Supplied data:
□ □ □ □

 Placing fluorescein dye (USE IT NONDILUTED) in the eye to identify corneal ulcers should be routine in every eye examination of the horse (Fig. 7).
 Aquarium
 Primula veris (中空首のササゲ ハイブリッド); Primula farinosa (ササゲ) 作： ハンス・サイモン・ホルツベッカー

□ □ □ □

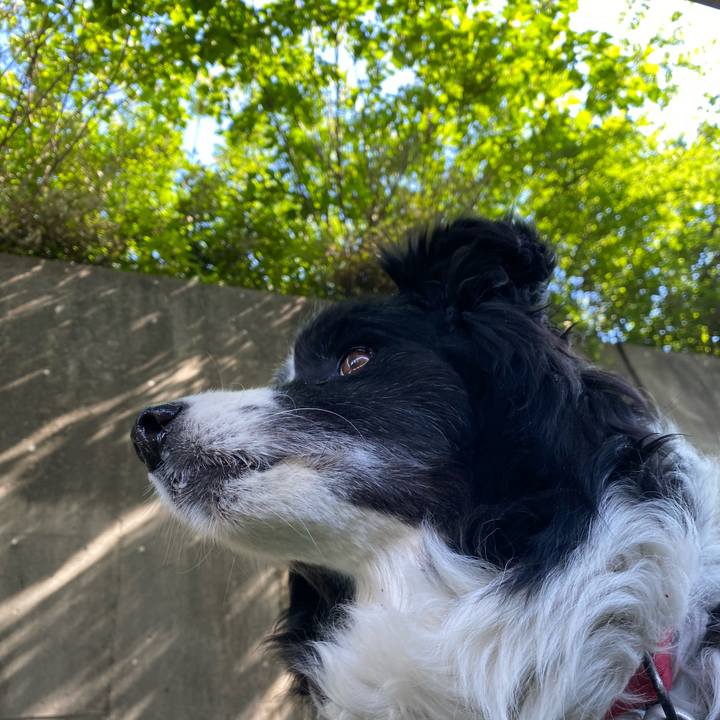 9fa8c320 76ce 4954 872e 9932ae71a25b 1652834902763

□ □ □ □

Directions:
Using the records above, copy word for word the line with "Placing fluorescein dye", the line with "Primula veris (中空首のササゲ", and every line between them.

Exercise solution:
 Placing fluorescein dye (USE IT NONDILUTED) in the eye to identify corneal ulcers should be routine in every eye examination of the horse (Fig. 7).
 Aquarium
 Primula veris (中空首のササゲ ハイブリッド); Primula farinosa (ササゲ) 作： ハンス・サイモン・ホルツベッカー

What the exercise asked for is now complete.